さて、今年登場する2つのOpenGL/ESのうち、「1.2」は固定パイプラインベースのグラフィックスを取り扱うものであるため、携帯電話やPDAなどの小型で小規模な機器をターゲットにしたものだといえる。
対する「2.0」はプログラマブルシェーダベースのグラフィックスを取り扱うものであり、これがPS3に採用されたわけだ。
トレベット氏によれば、「PS3は、1.2でもなく2.1でもなくOpenGL/ES2.0だ」とのことだが、OpenGL/ES2.0とはどのようなものなのか。
基本的にはOpenGL/ESはOpenGLのダイエット版という位置づけで、特にOpenGL/ES2.0は、昨年夏に発表されたばかりのOpenGL2.0のダイエット版であることが明言されている。
どこをどうダイエットしているかと言えば、過去の化石と化した機能や、固定パイプライン機能などの削除などが該当する。

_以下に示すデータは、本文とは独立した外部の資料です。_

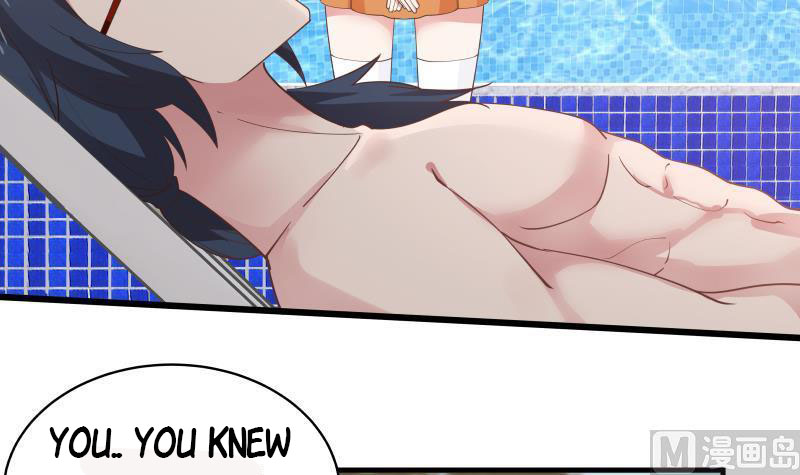 Read Dragon In My Body EN Manga Online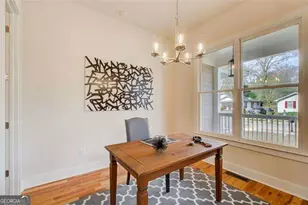 1240 Oakland Terrace SW, Atlanta, GA 30310 - Photo 7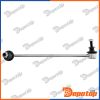 Biellette De Barre Stabilisatrice droite pour BMW | 31306781548, ZLP-BM-003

OpenGL2.0のパイプライン。OpenGL/ES2.0もこれに準じたモノになる |
このブロック図を見ると分かるが、
・頂点シェーダがテクスチャメモリにアクセスできる
・ピクセルパイプラインの出力結果を頂点パイプラインに戻せる
という点から、OpenGL2.0(及びES2.0)は、マイクロソフトのDirectX 9.0cのDirect3Dとほぼ同レベルの機能をサポートしているといえる。そう、プログラマブルシェーダ3.0ベースのデザインまでをサポートしているということができるわけだ。
PS3のグラフィックスもこの図の処理系に準じたものになると予測できるわけだが、OpenGLには独自拡張仕様というのがあるため、万が一、あまりにもPS3のGPUが特殊な機能を携えていた場合はこの仕組みを利用するかもしれない。PS3-GPUの機能がOpenGL/ES2.0の機能に制限されてしまう心配はないのだ。
シェーダプログラミング言語としてはNVIDIAの「Cg」が採用されることが明らかに |
まぁ、NVIDIA-GPUを最も効果的に扱えるのは、NVIDIA製プログラミング言語であることは自明の理なので、この点については別段驚くべきことではないといえる。